Moreover, competitive new solutions, faster processes and increased diversification brought about by the rise of fintech could well act as stabilising counterpoints to any predicted initial disruption for consumers and markets alike.

How banks are fighting back

Recent newspaper articles have typically focussed on the difficulties fintech start-ups have had in creating a banking revolution through the innovative application of technology. The fintech startup Moven recently admitted to the New York Times that they had toned down their rhetoric of replacing the banks, focussing instead on selling their technology to banks.

This points towards the growing trend of mutually beneficial collaborations and partnerships between established banks and emerging fintech companies.

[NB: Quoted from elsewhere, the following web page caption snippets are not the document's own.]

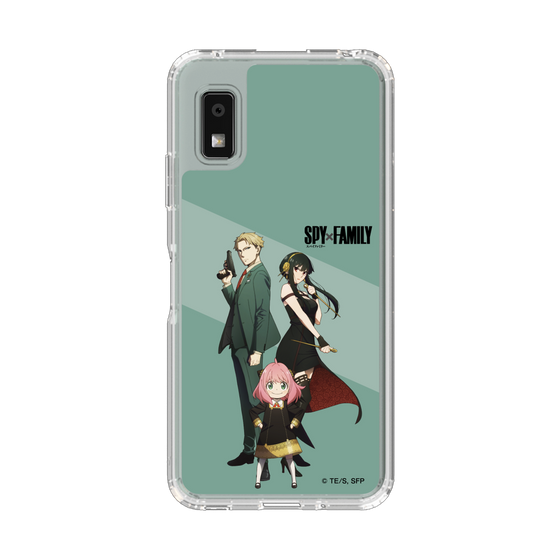 スリムプロテクションケース［ SPY×FAMILY - フォージャー家 - 通常1 ］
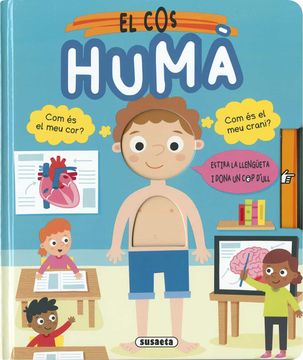 portada El cos Huma (in Spanish)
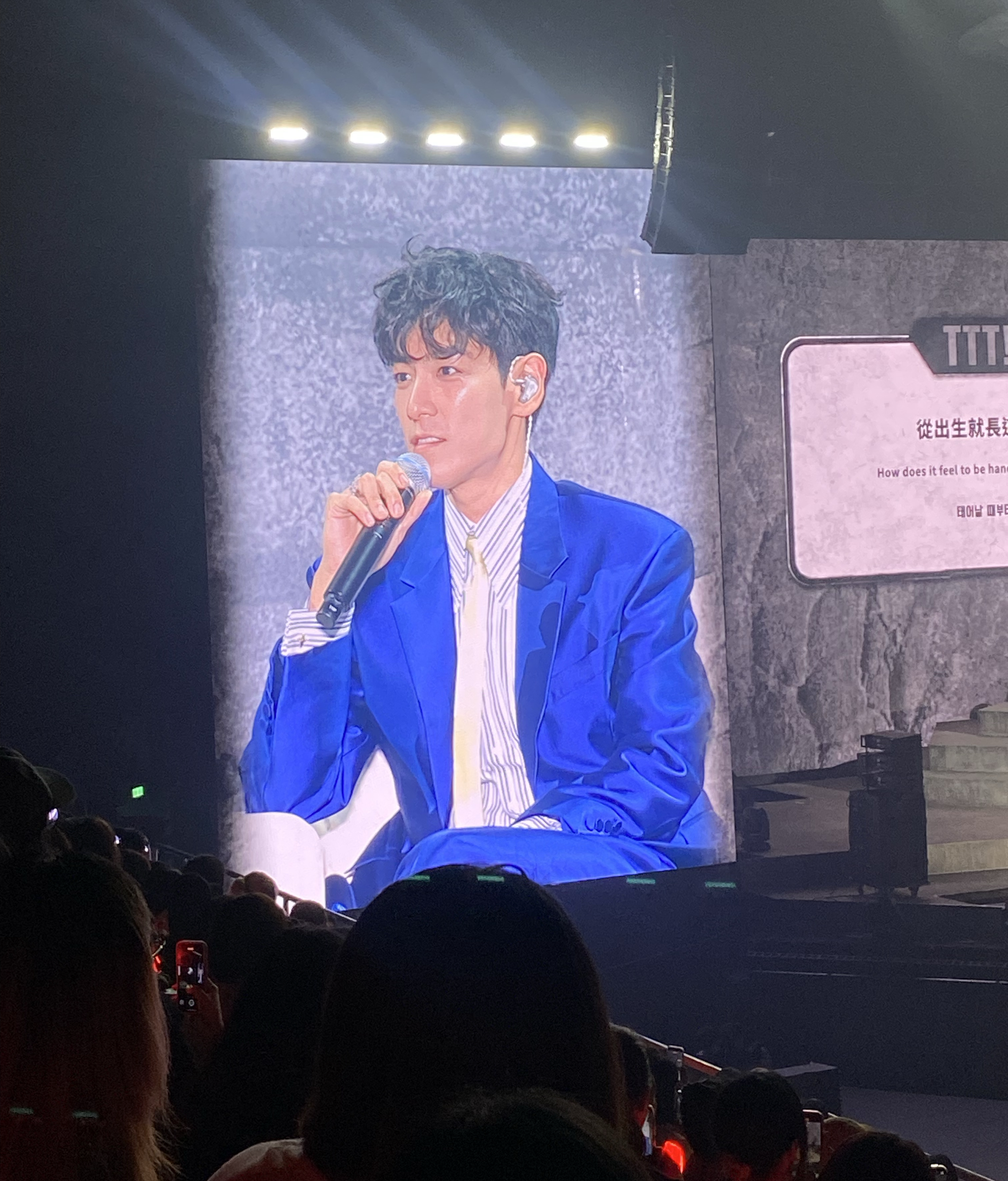 Latest photo of T.O.P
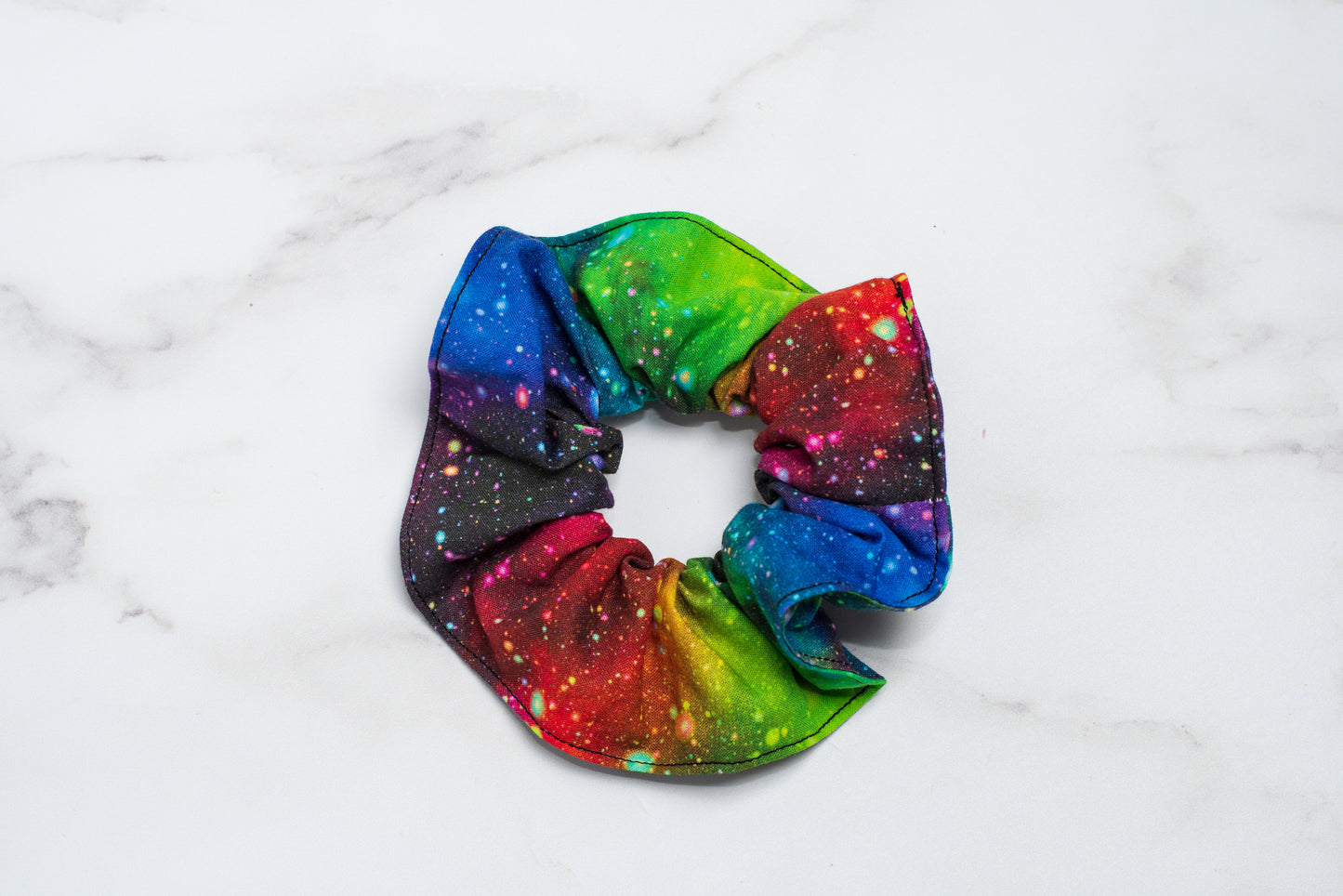 Galaxy Scrunchies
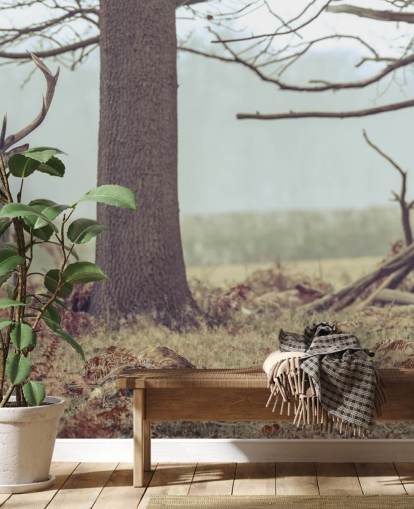 Despedida de soltero en el bosque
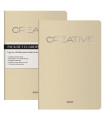 CUADERNO DOHE CREATIVE A4 BEIGE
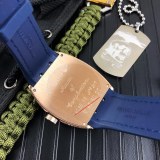 フランクミュラー時計 自動巻き V45 SCDT系列 メンズ FM-TSH800-39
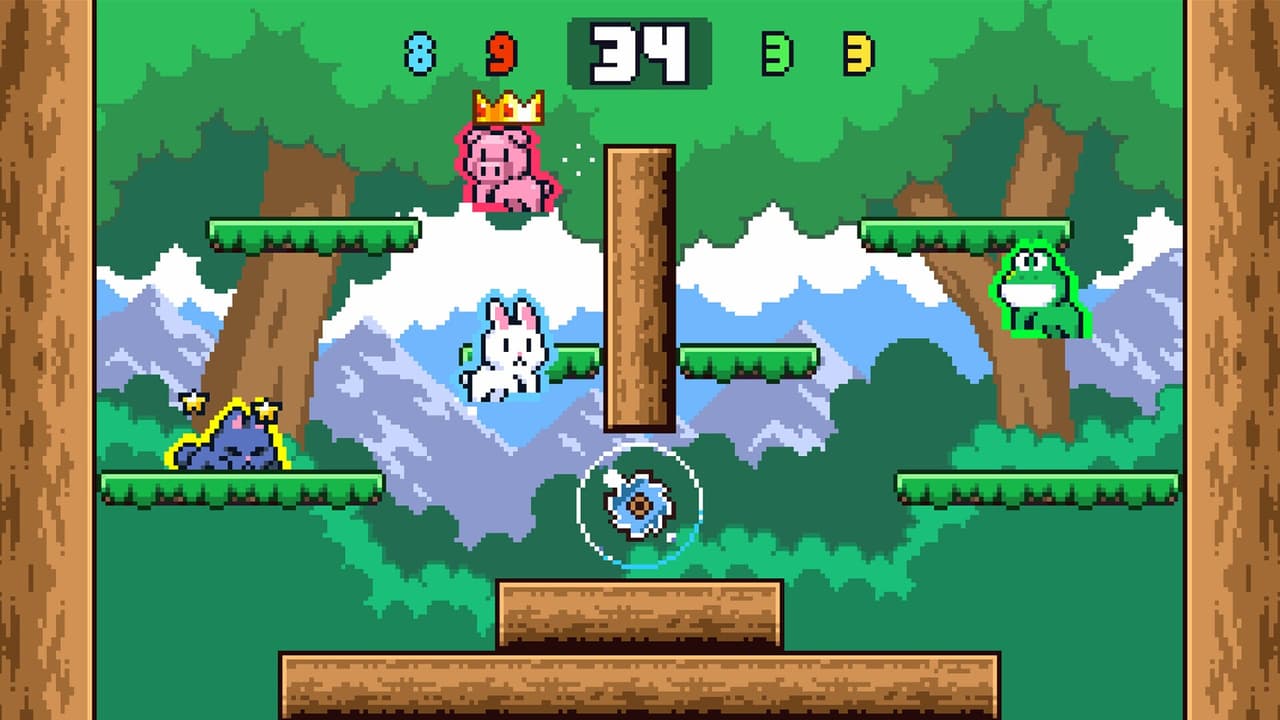 Animal Arena screenshot 2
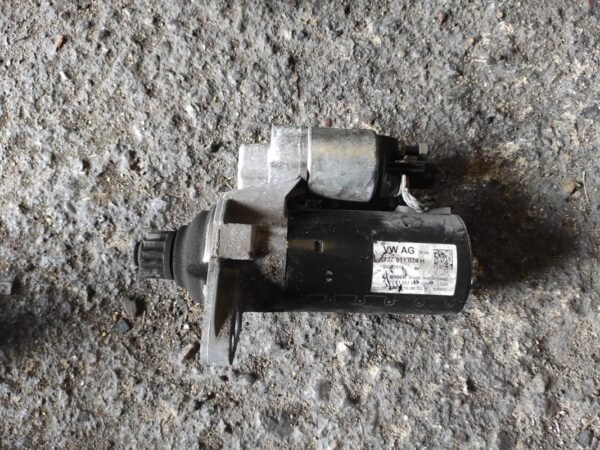 Motor de arranque Volkswagen Golf VI 1.6 TDI (105cv)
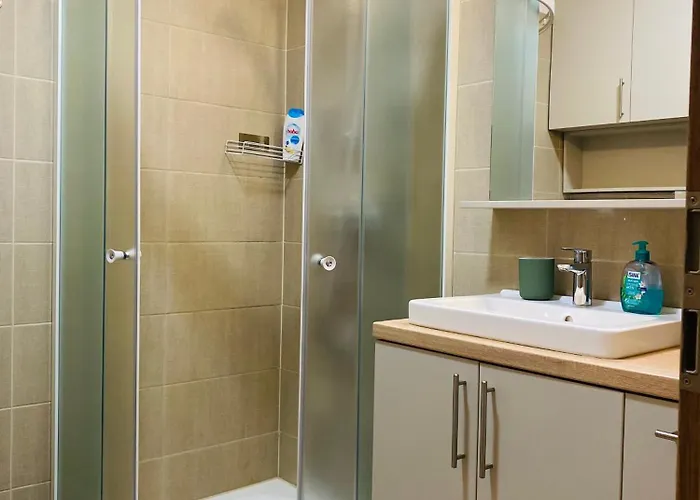 Comfortable Place On The Marina Port *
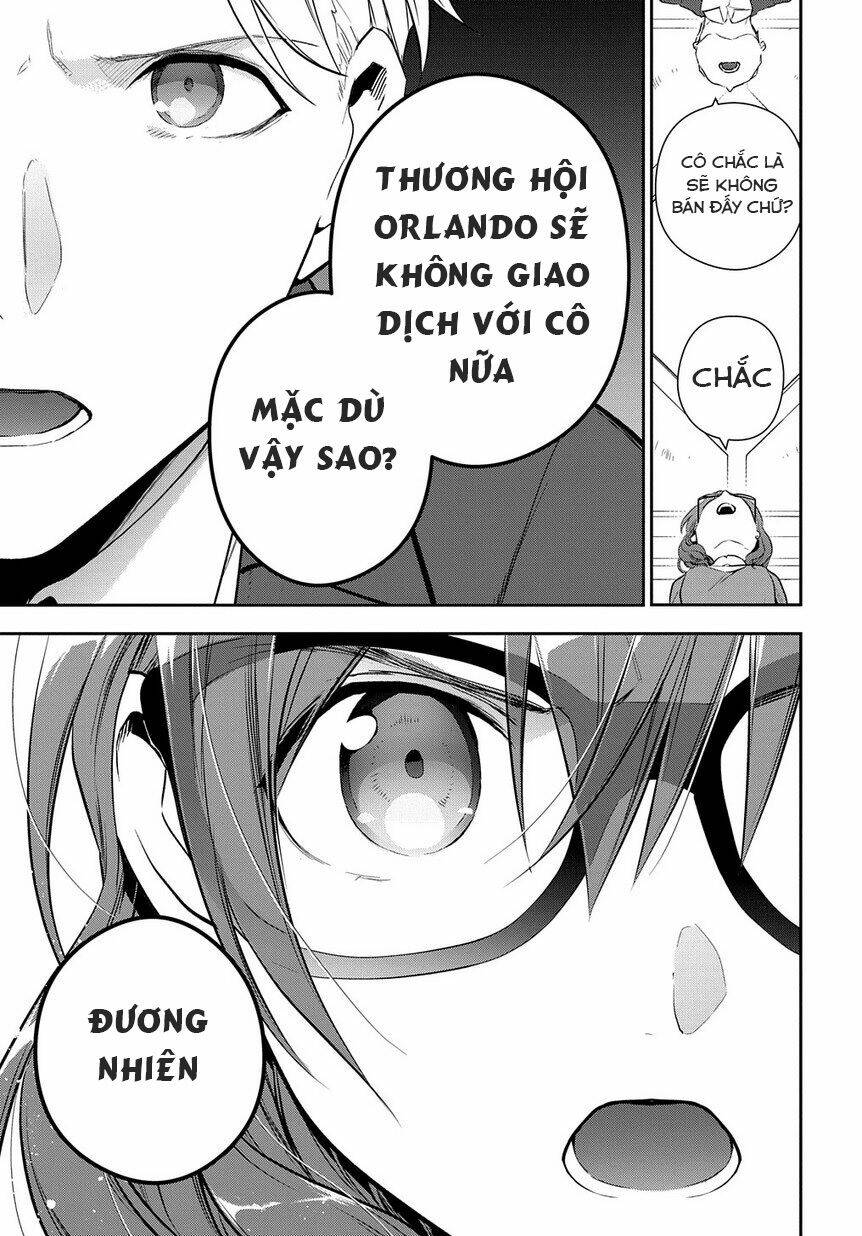 Madougushi Dahliya Wa Utsumukanai ~Kyou Kara Jiyuu Na Shokunin Life~ Vol 1: Chapter 5
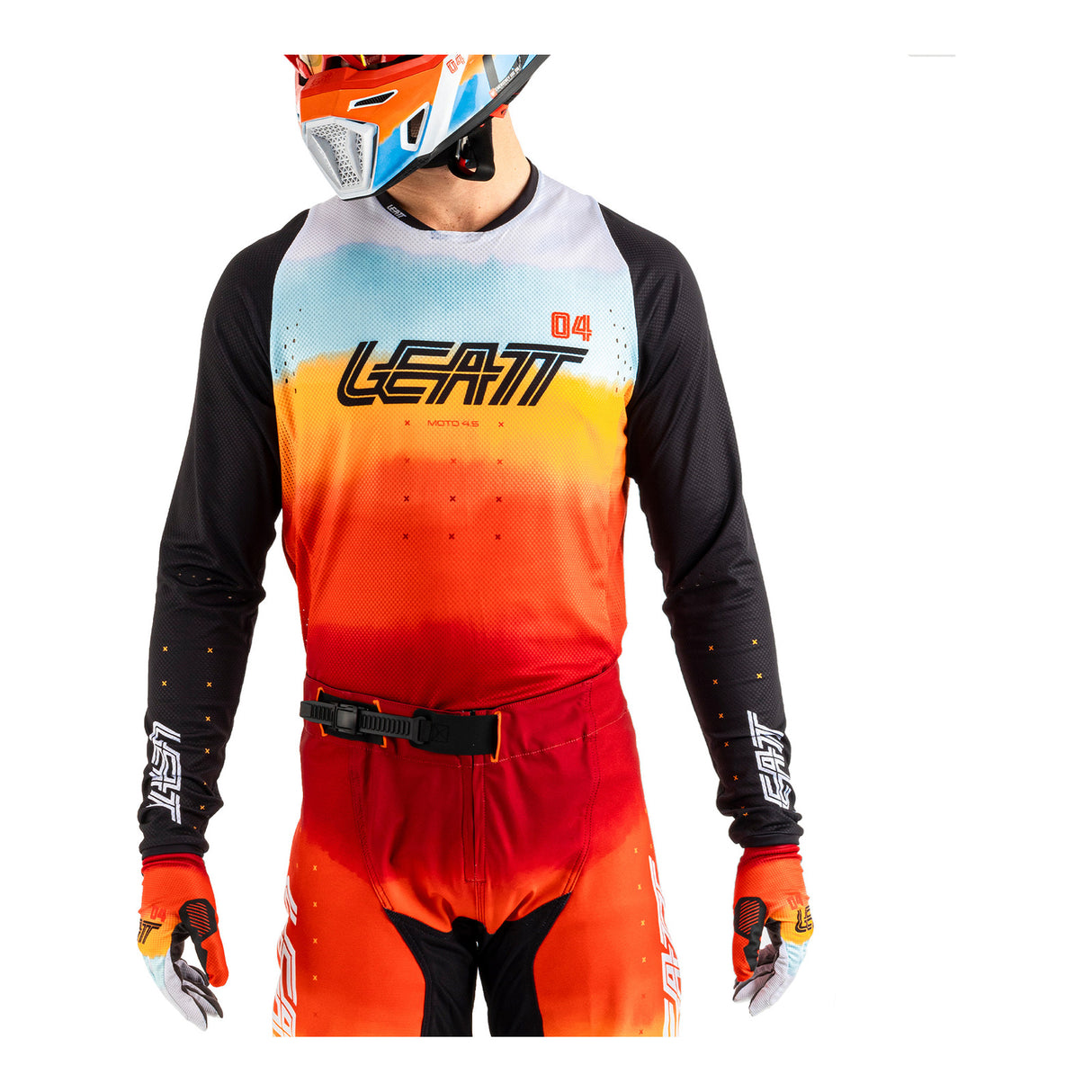 Leatt 2025 Moto 4.5 Lite Glamis Jersey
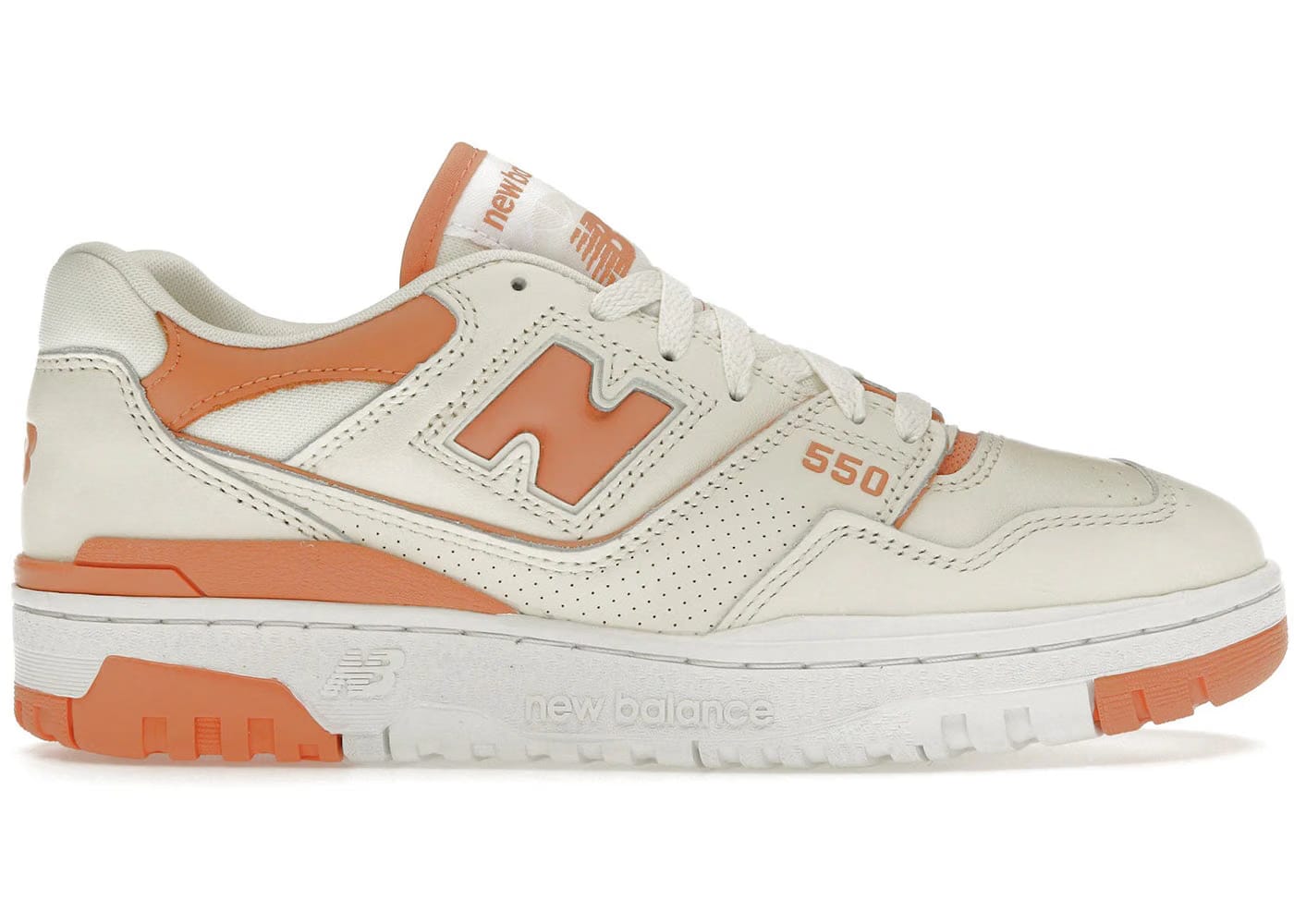 New Balance 550 Angora Copper Womens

As noted in IOSCO's research report, this could "supplement both fintech new entrants and traditional incumbents" and is increasingly becoming recognised by the big players and disruptive challengers alike as a promising avenue for exploration.

Traditional banks face the prospect of having to adapt in step with the Digital Revolution or risk losing all-important market share. Rather than lose ground to the challenger fintech companies, banks have created a new and mutually beneficial business relationship to forge a productive path forwards.

Unable to match the speed and adaptability of the fintech sector, banks and large financial corporations are increasingly collaborating and partnering with fintech start-ups to share resources, assets and data – driving advancement and growth in the process.

Smart data resulting from these partnerships has immense value and real-world applications from internal systems and management to the end user. The rise of machine-learning technology promoted and developed by fintech companies also helps banks and customers alike make faster and more accurate decisions.

These new algorithms work across areas as diverse and complex as peer-to-peer lending, currency conversions, real-time transparent transactions and insurance analysis without any human interference – removing biases and the likelihood of costly errors at a fraction of the speed.

The smaller and more targeted nature of fintech companies has also made them better suited to developing solutions for specific industry problems. These can then be applied across larger financial corporations and banks without the need to allocate specialist teams, resources and time.

The future of the financial landscape

The real revolution in banking will arise from fintech companies and banks recognising one another as collaborators rather than competitors. Forming collaborative partnerships paves the way for the next generation of technology-led solutions.

Marrying the old and the new combines the best of both while the new relationships between established financial organisations and innovative fintech companies is driving change, progress and development across the industry. Best of all, these new developments will only improve and accelerate in the months and years to come.

Christopher Burke is the chief executive officer of Brickendon, a global management and technology consultancy, specialising in solutions for the financial services industry. He has over 18 years' experience advising and consulting global financial institutions, including banks, hedge funds and asset managers.